Requirement:
All the lines below should be set down exactly, with no picture carried into the copy.

Raw data:
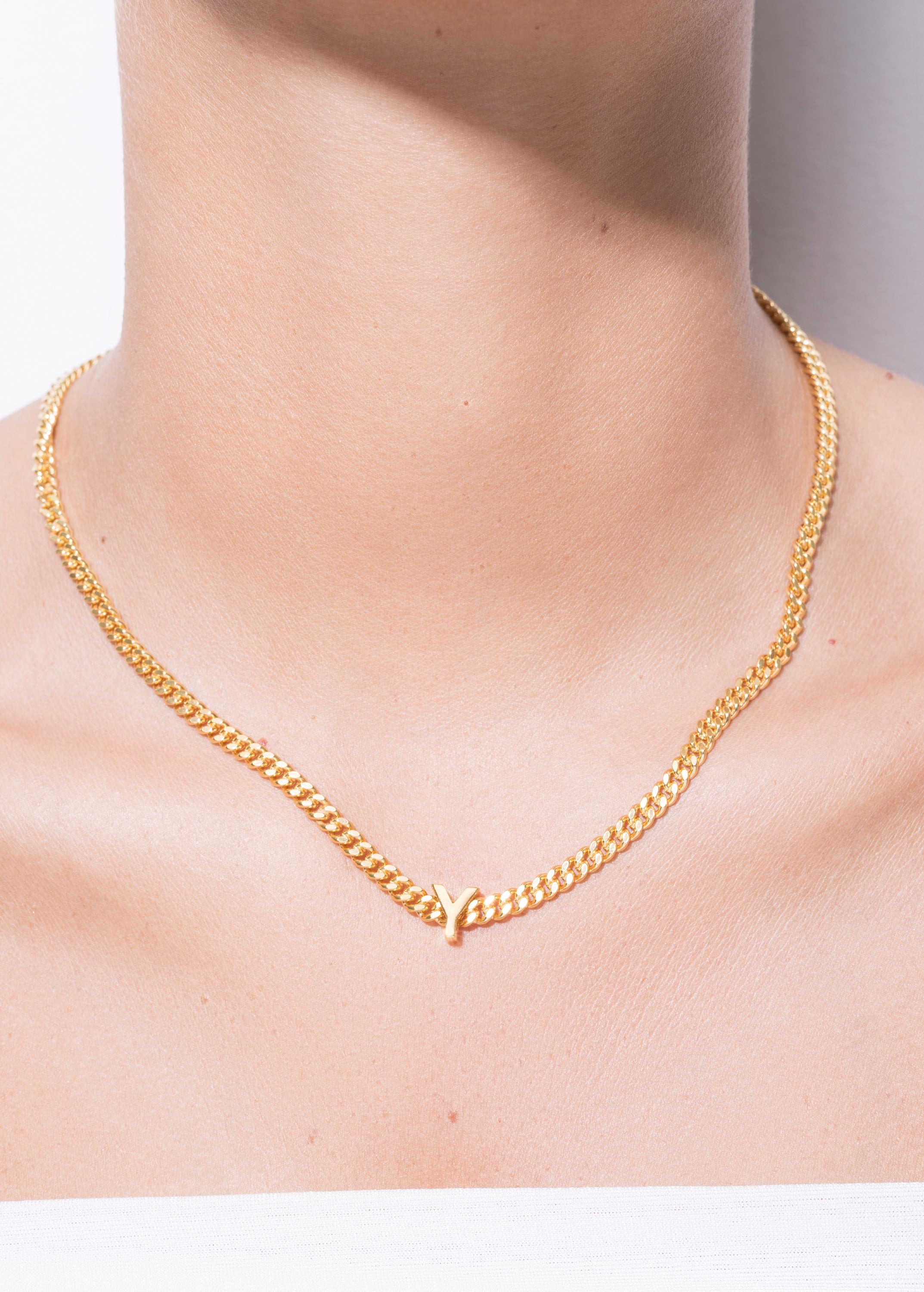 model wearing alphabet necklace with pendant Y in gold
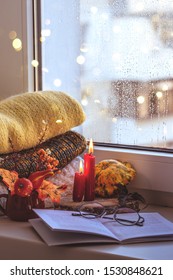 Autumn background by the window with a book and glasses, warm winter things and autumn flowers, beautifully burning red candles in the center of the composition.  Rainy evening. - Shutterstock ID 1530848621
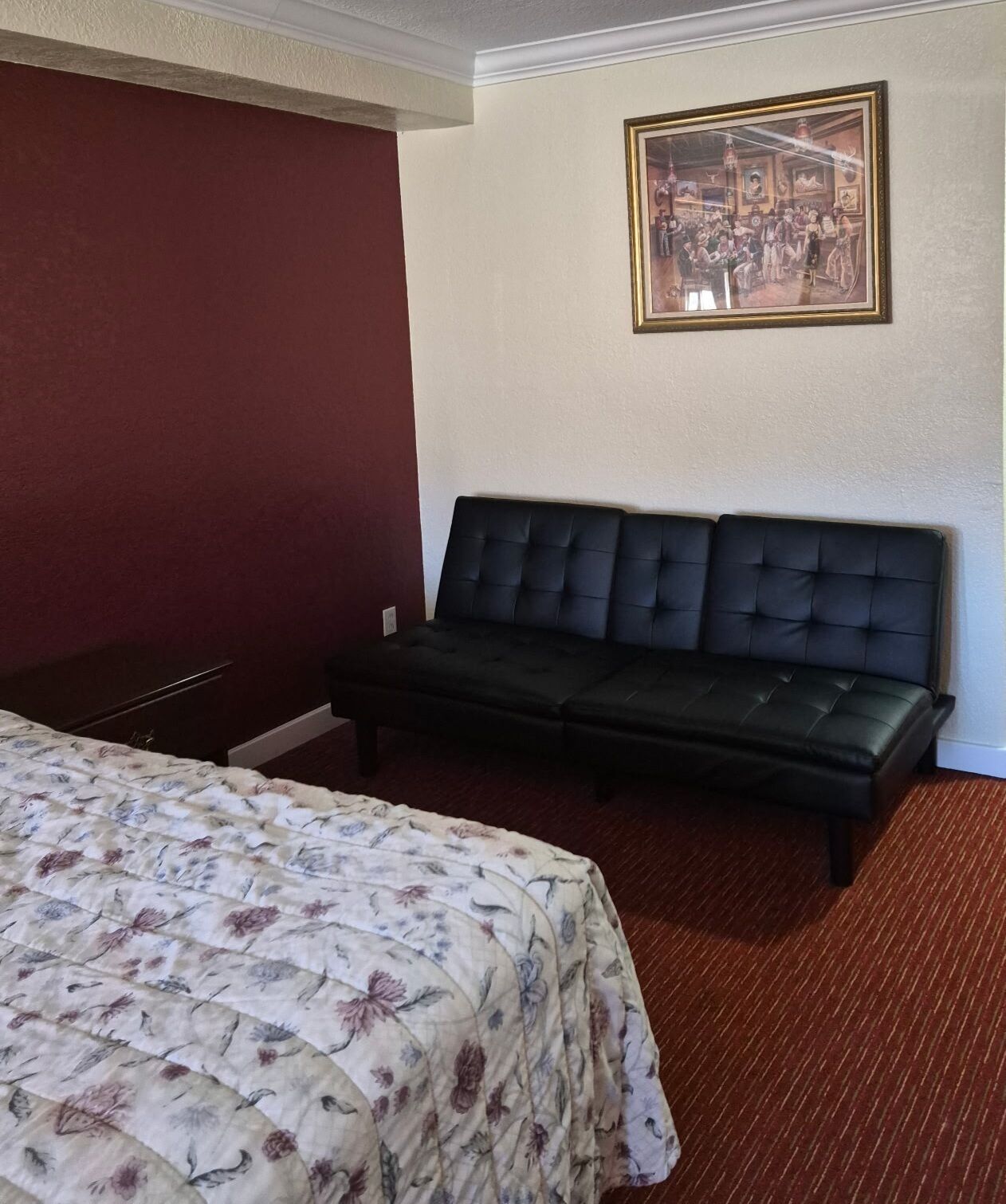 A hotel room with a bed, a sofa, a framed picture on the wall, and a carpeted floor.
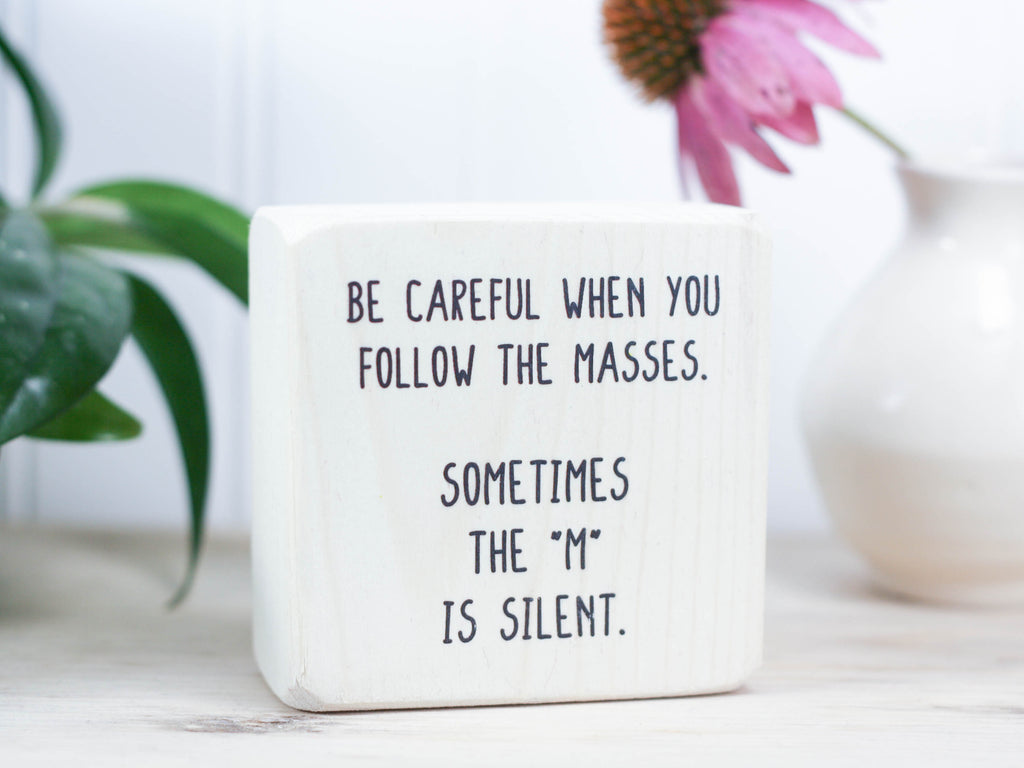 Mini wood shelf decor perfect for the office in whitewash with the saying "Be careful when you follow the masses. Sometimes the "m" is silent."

Output of the task:
 model wearing alphabet necklace with pendant Y in gold
 Autumn background by the window with a book and glasses, warm winter things and autumn flowers, beautifully burning red candles in the center of the composition.  Rainy evening. - Shutterstock ID 1530848621
 A hotel room with a bed, a sofa, a framed picture on the wall, and a carpeted floor.
 Mini wood shelf decor perfect for the office in whitewash with the saying "Be careful when you follow the masses. Sometimes the "m" is silent."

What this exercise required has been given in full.